Hopefully, none of those outfielders will share the fate of the Philadelphia Phillie who this year became the first known victim of Sunflower Seed Finger (SSF). The pitcher, whose case was detailed in the 1995 Professional Baseball Athletic Trainers Society newsletter, loved his seeds so much that he kept them in his pocket as he pitched. However, while digging in his pocket to get to the seeds, he over-stretched his digits, leading to the injury — and probably a lot of jokes from his teammates.

This pitcher might have done well to strengthen his finger by playing a game popular among the Milwaukee Brewers. Brew Crew pitchers pinch sunflower seeds between their thumb and forefinger, then flick the seeds with their opposite forefinger in contests of accuracy and distance. Some Ruthian seed-shooters reportedly fire shots from the dugout almost to the first-base line.

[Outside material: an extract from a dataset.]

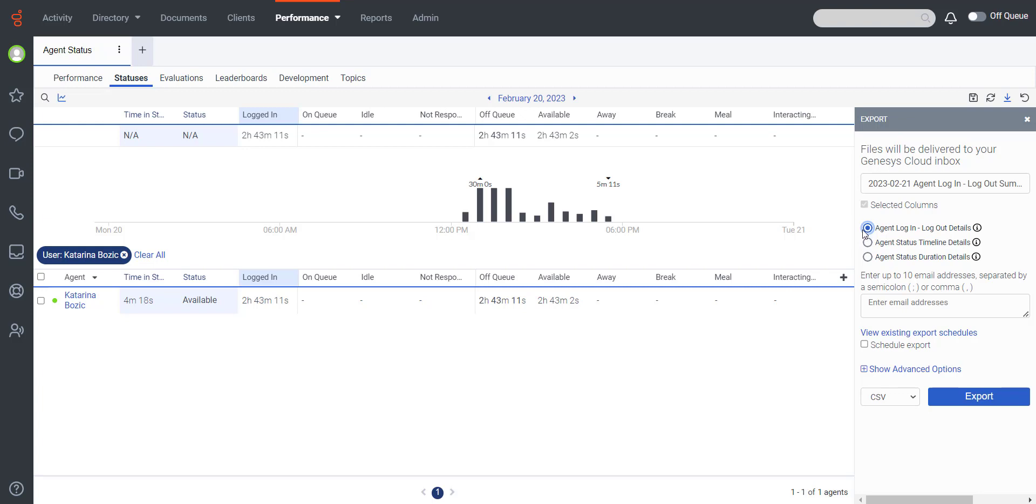The Login Logout View provides a detailed view of when a user logged in and logged out and the time that passed between each.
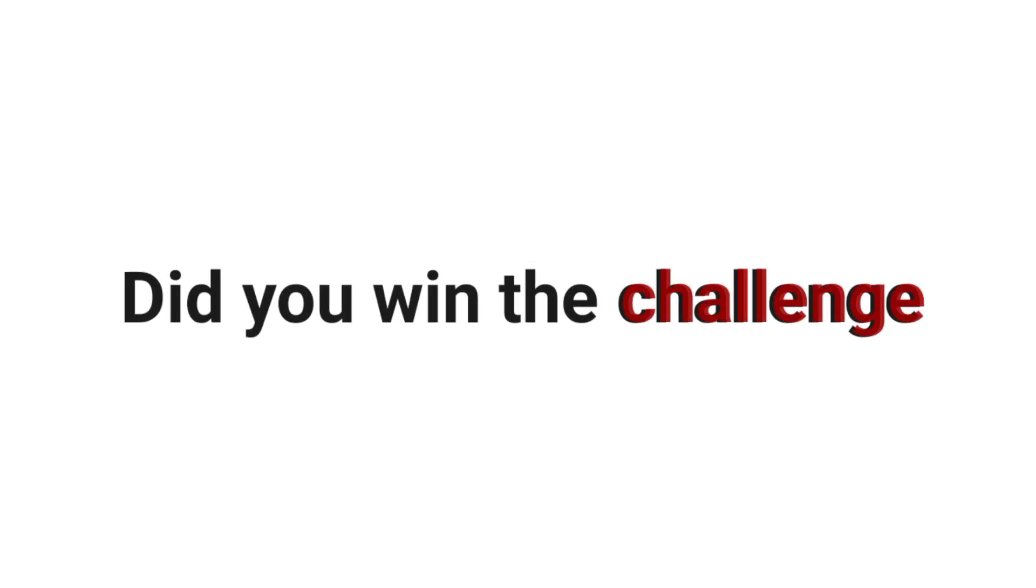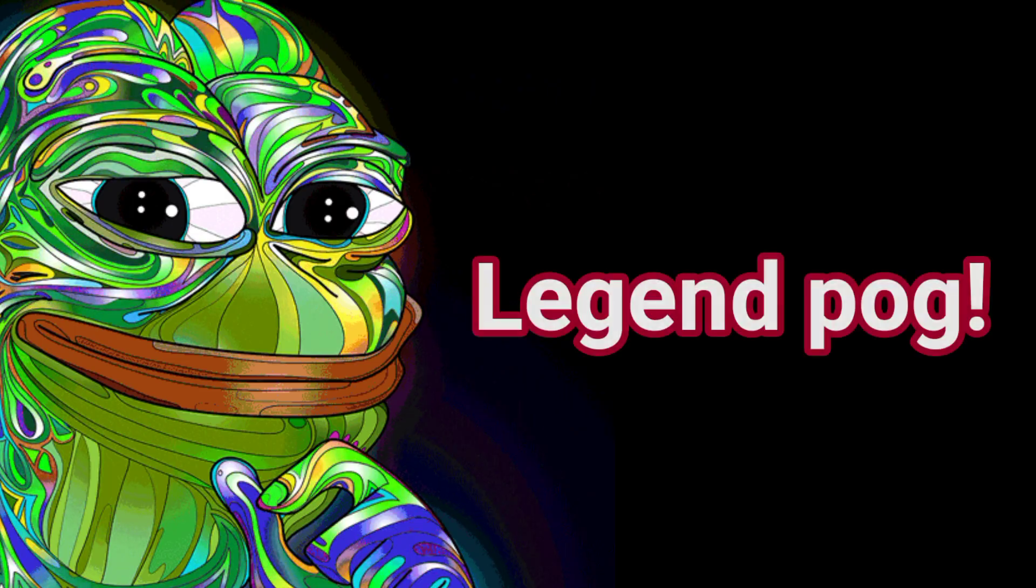So did you win the challenge? Watch this video again if you lose. Legend Pug.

Meanwhile, up in the stands, vendors like Roger Owens are contemplating the aerodynamics that go with tossing a bag of sunflower seeds behind the back, between the legs, 12 rows into a customer’s lap. A 37-year Dodger veteran, whose snack tossing has earned him appearances on the “Tonight Show” and other programs, Owens suggests that would-be seed tossers throw sunflower seed bags “like line drives, as opposed to peanut sacks’ long, arcing lobs.” Owens, who has seen it all in his Dodger decades, has noted the vast increase in fans happily cracking open sunflower seeds. “It’s part of the growing health consciousness of America today,” he suggests.

The facts concerning in-shell sunflower seed consumption in the United States prove Owens’ observation true. More and more people are recognizing sunflower seeds as a healthy, fun snack — and a source of entertainment, to boot. Furthermore, sunflower kernels are an excellent source of iron, zinc and vitamin E, as well as dietary fiber. And most importantly, they taste great — as befits a truly “big league” snack. — (This article, which was provided by the National Sunflower Association, also has been distributed to sportscasters and writers around the United States.)